(Material supplied)

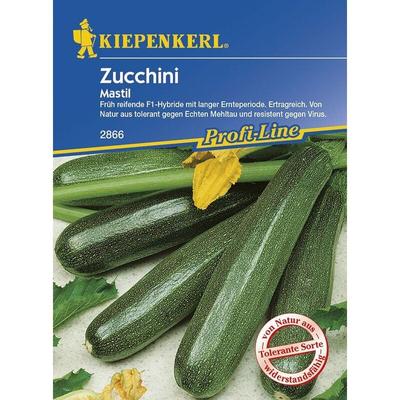 Zucchini Mastil Cucurbita pepo, Inhalt 7 Korn Gemüsesamen - Kiepenkerl Image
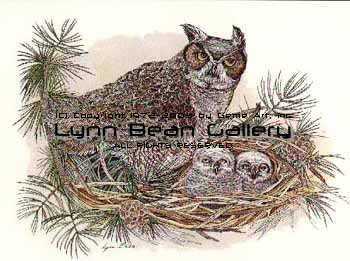 Great Horned Owl With Babies.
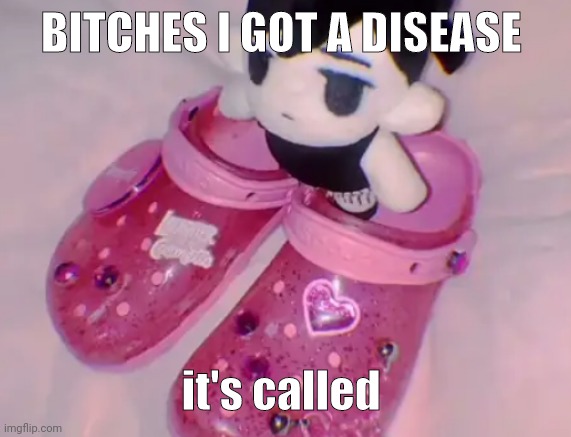 stairs | BITCHES I GOT A DISEASE; it's called | image tagged in stairs | made w/ Imgflip meme maker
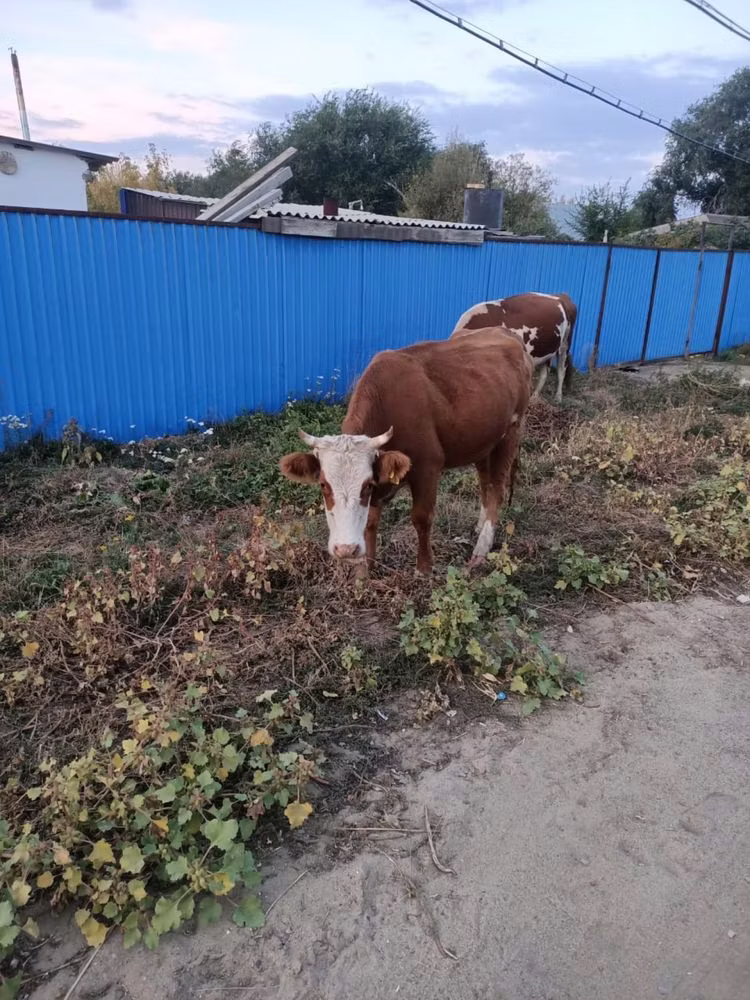 Kazakh White-headed cow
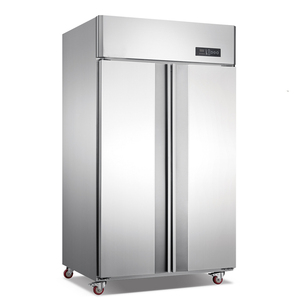 Réfrigérateur de cuisine à <span class=keywords><strong>2</strong></span> <span class=keywords><strong>portes</strong></span> à température unique nouveau style Réfrigérateur commercial à double porte vertical pour restaurants - Product Image 6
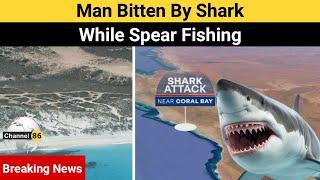 Man bitten by shark while spear fishing - australia news update - Channel 86 Australia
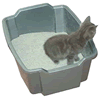 Kitty in Litter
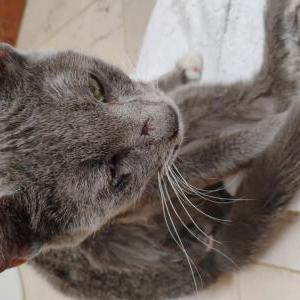 Found Cat Unknown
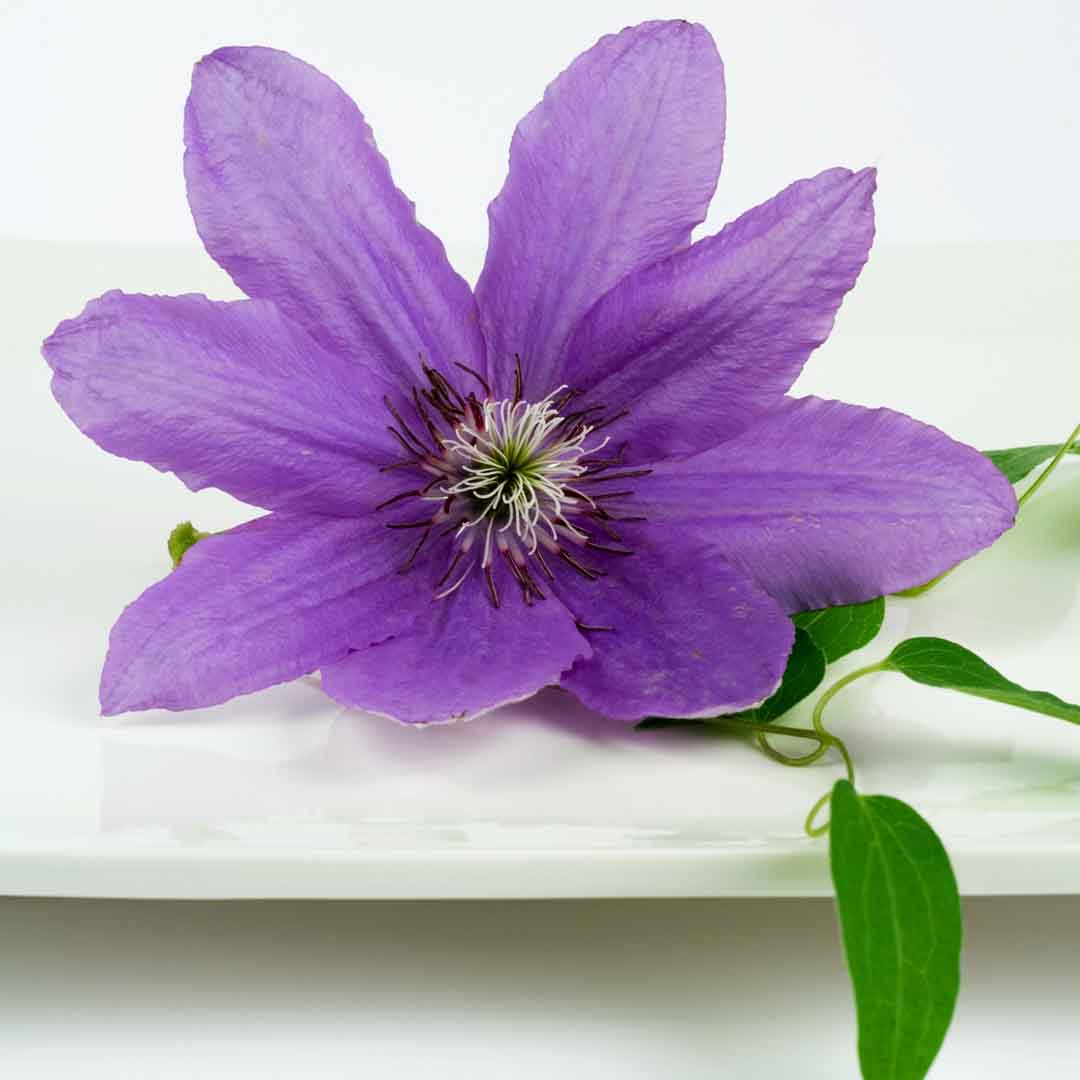 VIPcorel.com_11729b.jpg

(End Material supplied)

### Exercise details
What is needed is an exact copy of all the entries above, minus the pictures.

### Exercise output
 Zucchini Mastil Cucurbita pepo, Inhalt 7 Korn Gemüsesamen - Kiepenkerl Image
 Great Horned Owl With Babies.
 stairs | BITCHES I GOT A DISEASE; it's called | image tagged in stairs | made w/ Imgflip meme maker
 Kazakh White-headed cow
 Réfrigérateur de cuisine à <span class=keywords><strong>2</strong></span> <span class=keywords><strong>portes</strong></span> à température unique nouveau style Réfrigérateur commercial à double porte vertical pour restaurants - Product Image 6
 Man bitten by shark while spear fishing - australia news update - Channel 86 Australia
 Kitty in Litter
 Found Cat Unknown
 VIPcorel.com_11729b.jpg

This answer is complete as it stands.